# Does anyone know where I can buy a realistic/film quality "Predator" mask & costume?



## Mr_Awful (Aug 3, 2005)

*Does anyone know where I can buy a realistic/film quality "Predator" mask & costume?*

So I am still tossing ideas around and was thinking of being the Predator and think the costume could be a hit, however the store ones look just a bit too fake to me, and I would whether look like an actual Predator and not a guy dressed as a Predator.  I am looking on the web and hoping those types of masks and costumes are out there. i.e. The types of masks and costumes used in the films. Money is no issue at this time either.


----------



## neomage2021 (Mar 12, 2012)

Zeeboe said:


> So I am still tossing ideas around and was thinking of being the Predator and think the costume could be a hit, however the store ones look just a bit too fake to me, and I would whether look like an actual Predator and not a guy dressed as a Predator.  I am looking on the web and hoping those types of masks and costumes are out there. i.e. The types of masks and costumes used in the films. Money is no issue at this time either.


If money is no issue Composite effects can make you a 100% film quality costume from silicone that moves with your every move and looks perfect. I believe someone asked them about it once and they quoted somewhere around $10,000

if that is t0o much:

http://flexdesigncostumes.com/products.php has some good body suits. You can paint them yourself or have him paint it as a predator as for the mask

Ebay is probably your best bet for a predator mask. Expect a high quality predator mask to go for $750+

http://www.ebay.com/itm/PREDATOR-WO...7?pt=UK_Clothing_Masks_JD&hash=item2ec11aea35

Using a custom flex design suit, high quality mask + weapons etc you cna build a good quality predator costume for roughly $2500-3000


----------



## neomage2021 (Mar 12, 2012)

Oh and if you are up for doing a bunch of the work you can get a raw unpainted latex pull for $1500. You would need latex paints, a good airbrush and a bunch of time to finish it though.

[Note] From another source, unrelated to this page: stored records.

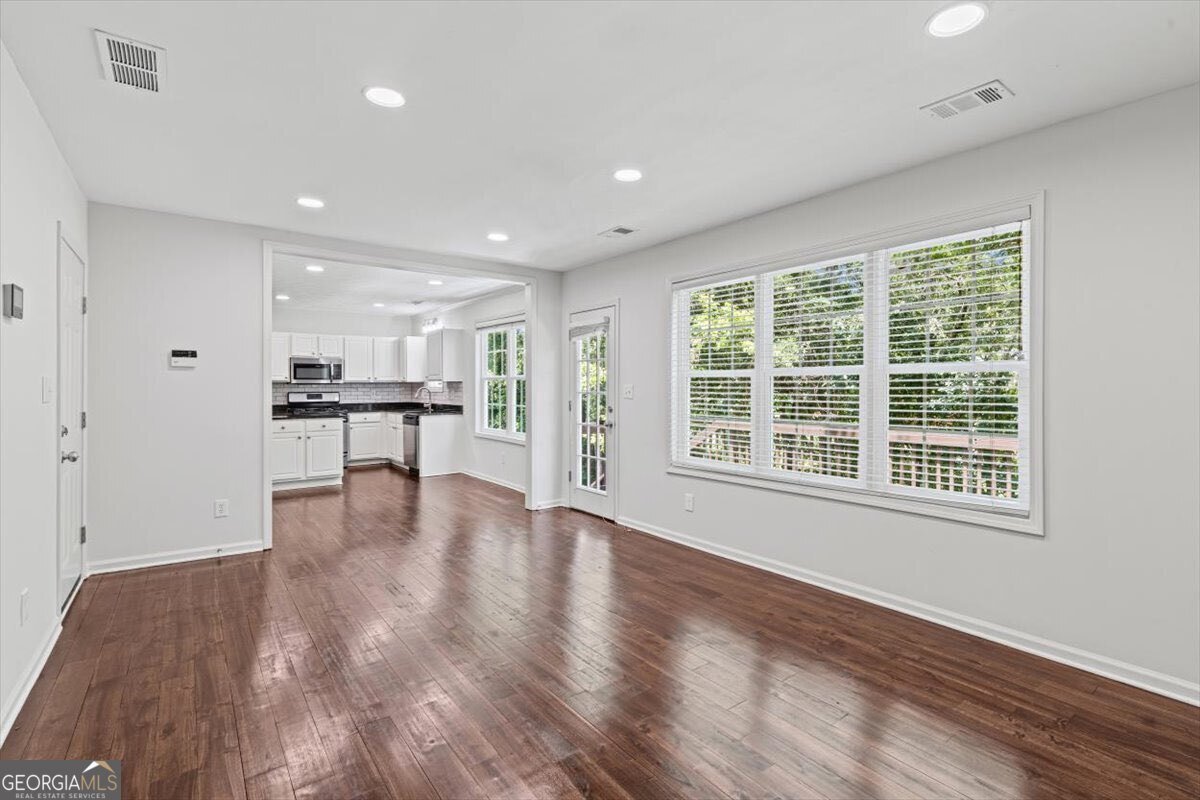 3360 Pierce Arrow Circle Suwanee - Photo 15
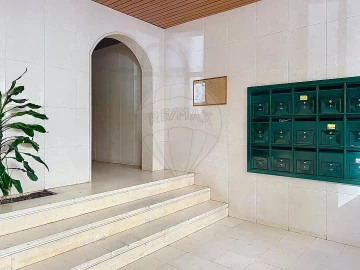 Apartamento T2 para Venda em Algueirão-Mem Martins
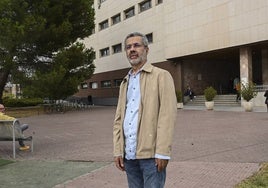 Ibrahim es cirujano cardiovascular en el Hospital Universitario de Badajoz.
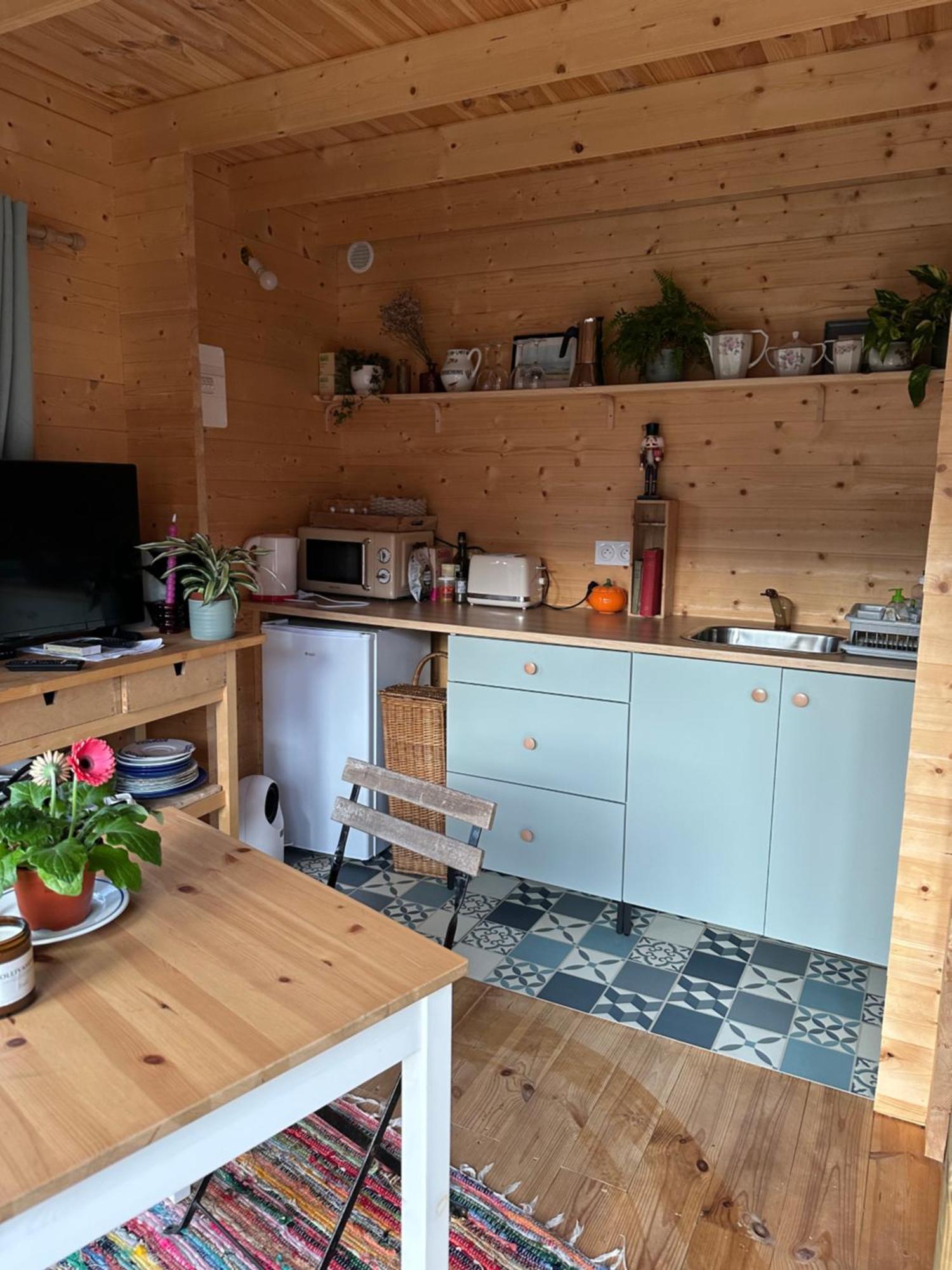 Maison En Bois 1 Chambre 4 Couchages Type Tiny House Гранвил Екстериор снимка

http://www.ebay.com/itm/Raw-pulls-u...127?pt=LH_DefaultDomain_2&hash=item51a0c970b7


----------



## Mr_Awful (Aug 3, 2005)

Thank you! Ten-thousand dollars though huh? Wow. I bet the mask and costume is amazing. I'd be a mega-hit then. Oh, to be a rich man.  lol. Maybe one day.

I was hoping it would be no more then maybe five-hundred. That is how much my Jason mask and costume all together was, and that's just a ball park estimate. I suppose if I really desire to be the Predator I'd have to stick with store-bought stuff.


----------



## neomage2021 (Mar 12, 2012)

Zeeboe said:


> Thank you! Ten-thousand dollars though huh? Wow. I bet the mask and costume is amazing. I'd be a mega-hit then. Oh, to be a rich man.  lol. Maybe one day.
> 
> I was hoping it would be no more then maybe five-hundred. That is how much my Jason mask and costume all together was, and that's just a ball park estimate. I suppose if I really desire to be the Predator I'd have to stick with store-bought stuff.


for $500 I think you can get a pretty decent costume
if oyu have time to do the body yourseld and paint a mask.

What you cna do is buy a " Deluxe Mr. Incredible" costume, and give it a few coats of latex. Form there you can use cotton balls, string, and craft stuff as well as latex paint to create a pretty good predator suit.

Then you can spend $300 or so on anm unpainted predator mask and paint it up yourself. 


With this method I think you could be very close to your $500 budget and it would look pretty good. Here is a tutorial on the mr incredible predator suit.

http://www.thehunterslair.com/topic/15904-turning-mr-incredible-into-a-predator-costume/

http://entertainment.webshots.com/album/575716459Xylmfk?start=0


----------



## Mr_Awful (Aug 3, 2005)

I sadly just don't have the creative mind to make my own stuff. It'd end up looking like Charlie Brown's ghost costume.  Thank you for telling me about Composite effects. They have some amazing masks. It looks just like how it'd look if you wore awesome make-up, only you have the luck of just wearing a mask with the cool stuff already on it if you buy from them. I may have to do business with those folks one day.









My god, people would piss themselves if I could walk around in something like that. *drool* I'd sell my soul for that mask and costume! I may have to move back in with my parents and ask for an increase in my credit line. LOL. Truly, it's people's responses that keep me dressing yearly for Halloween and I love the Jason character, but it would be cool to be a different character and still get the same responses because I do love the star treatment and it makes me happy knowing I am apart of so many different people's photo albums and that I was able to make their night more entertaining.


Also - Besides Jason Voorhees, alien creatures use to scare me the most in my youth so dressing up as an alien one day seems like the ideal thing to do since I seem to get joy out of becoming the same types of characters that once gave me nightmares and sleepless nights.


----------



## Mr_Awful (Aug 3, 2005)

$2500-3000 isn't too bad btw. I contacted flex design costumes to see if we could make a deal.


----------